My father had stopped to stare at nothing. Behind him, a dozen yards away, was our house. His beloved house that he’d refused to leave. It was in relatively good condition, I thought. Close to the bay, some developer might want it. To tear down and build something bigger.
Get him somewhere safe…
I got out of the car and gently helped my dad, still in his pajamas, into the passenger seat. “Where are we going?” he demanded, loud and suddenly angry.
“We’re going to Boston.”
“Why?” he asked, suspicious. Confused.
I didn’t answer, and in another minute, he forgot he asked.
***
It took an hour and a half to drive to Willow Glen Memory Care in Boston. My father spent the drive alternating between watching the scenery fly by and sleeping. Sometimes, he muttered to himself, and I wished with all my heart he’d talk to me about some complex theory, that he’d speak to me in the difficult language of physics, our native tongue. But by the time I helped him out of the car, I would’ve been happy if he’d just remembered my name.
At reception, I sat him down in a chair and brought him a cup of water, but his hands were trembling too much to hold it.
“Ah, yes, Xander. We spoke on the phone,” the woman behind the desk said. Her name tag readJoanne. “We have the room for him, but there was the matter of Medicare not covering the full annual residency fee.”
“I know, but I’ll have it. I have enough for one year, and I’ll make up the rest after that. I just need the time to sell our house.”
She looked at me sympathetically. “I’m sorry this is so rough for you. But he’ll have excellent care here.”
“Thank you.”
The intake process took hours, and by the time my father was situated in his room, twilight was falling. I sat at his bedside, surveying the space. It made me think of a dorm. Besides the bed, it had a TV, dresser, small table and chair, and an adjoining bathroom. It was neat and tidy and pastel, nothing like our dark, ramshackle—yet cozy—house. The drive had exhausted him, or maybe it was just the illness working to steal him away.

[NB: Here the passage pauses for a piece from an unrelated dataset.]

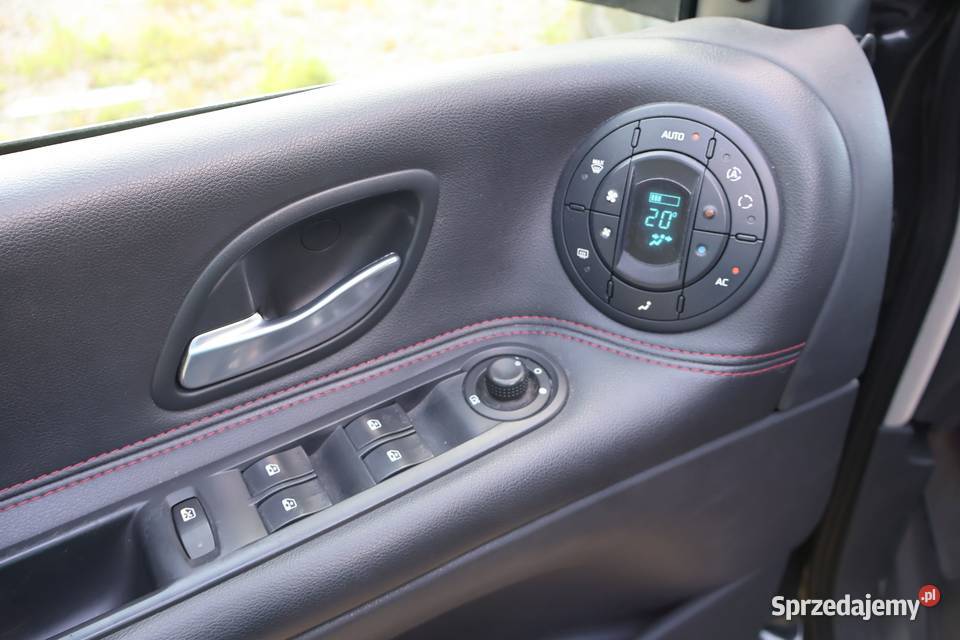 Renault Espace 20 T 170 SalonCH Bogata Wersja isofix Warszawa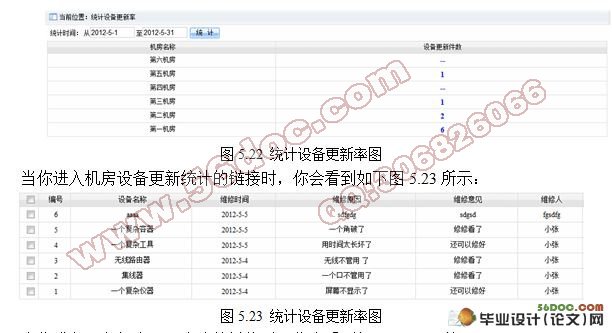 基于.NET的实验室设备管理系统的设计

My father stared blankly at a TV show, then swiveled his head to me.
“What are you still doing here?”
“This is your first night. I don’t want you to be alone.” I swallowed hard. “I can’t leave you, Dad.”
“I’m leaving you.” He nodded, his eyes back on the TV. “It won’t be long now.”
“What do you mean?”
But he didn’t seem to hear me.
“I worry about him,” he said after a minute.
“Who?”
“My son, Xander. He wants to protect me. Or redeem my reputation. Pfft. He doesn’t know that I know, but I know.”
“What do you know?” I asked, barely daring to breathe. This was the most he’d spoken to me in weeks.